*** Source material ***

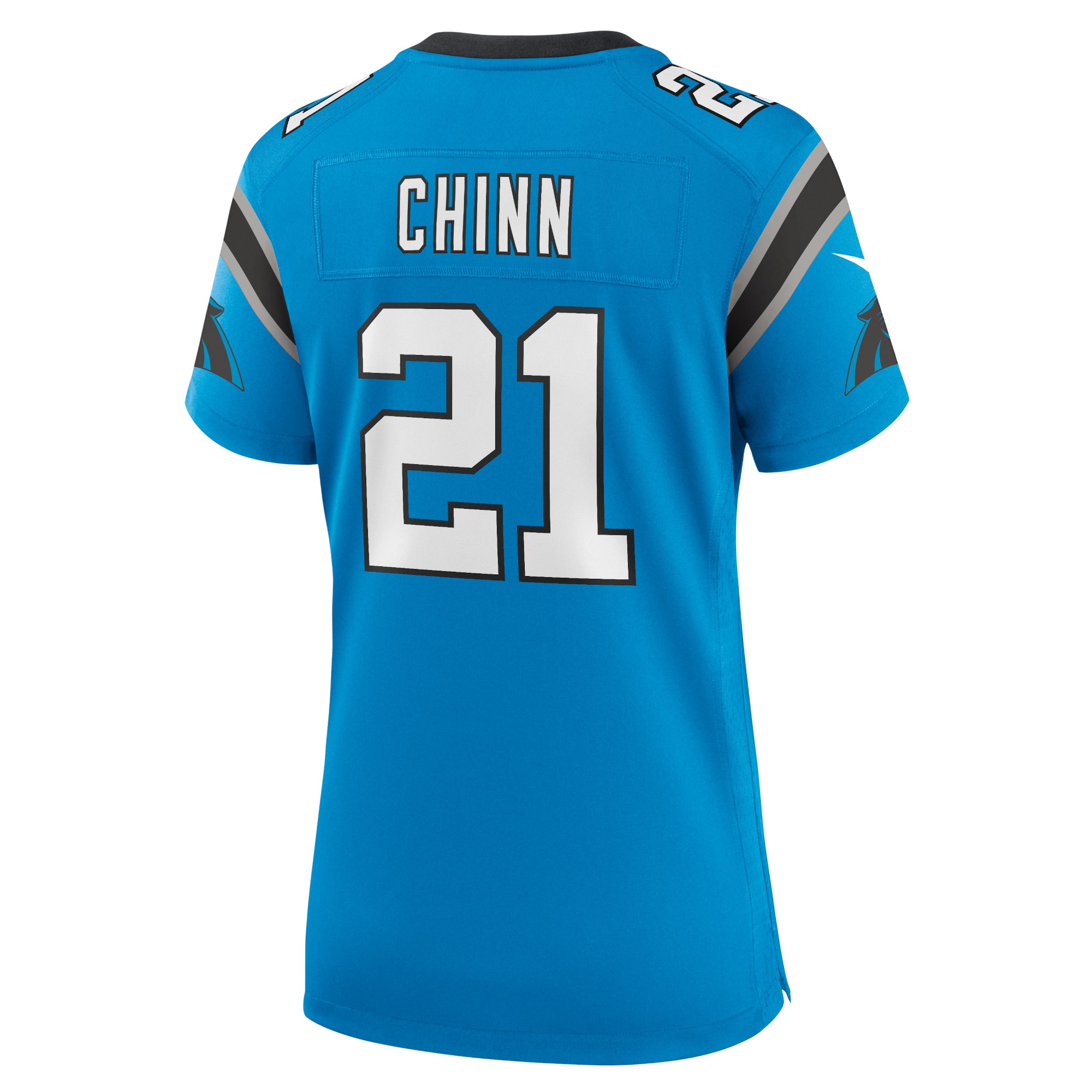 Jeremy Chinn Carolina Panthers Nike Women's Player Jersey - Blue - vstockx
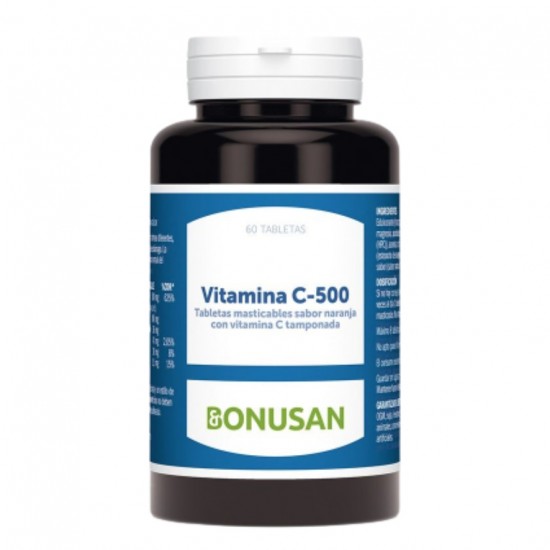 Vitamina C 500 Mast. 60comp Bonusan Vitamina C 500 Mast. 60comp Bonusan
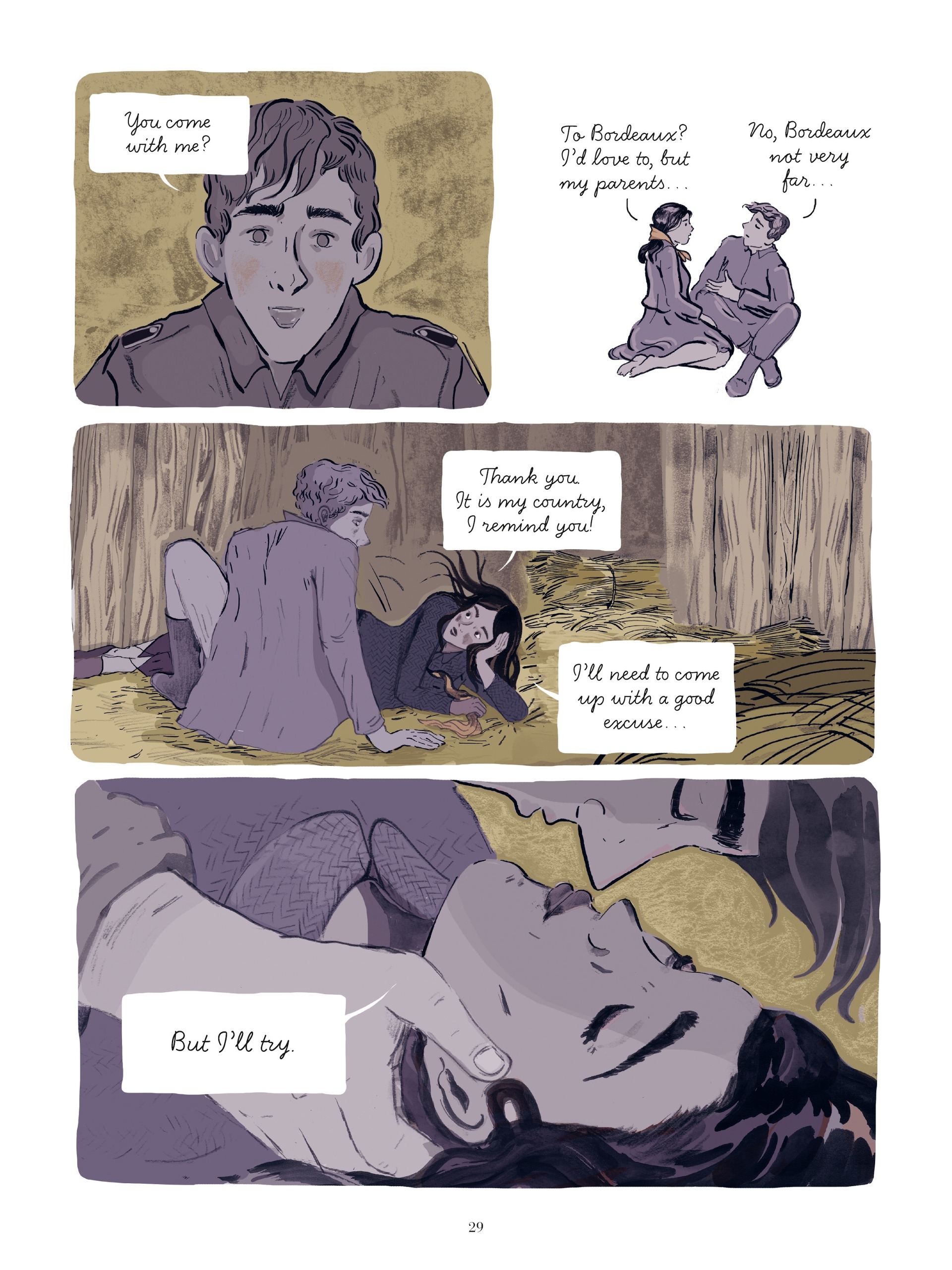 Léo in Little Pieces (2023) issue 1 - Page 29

*** End of Source material ***

▶ Exercise prompt: Would you copy out the data exactly, leaving every picture out?

▶ Written answer:
 Jeremy Chinn Carolina Panthers Nike Women's Player Jersey - Blue - vstockx
 Vitamina C 500 Mast. 60comp Bonusan Vitamina C 500 Mast. 60comp Bonusan
 Léo in Little Pieces (2023) issue 1 - Page 29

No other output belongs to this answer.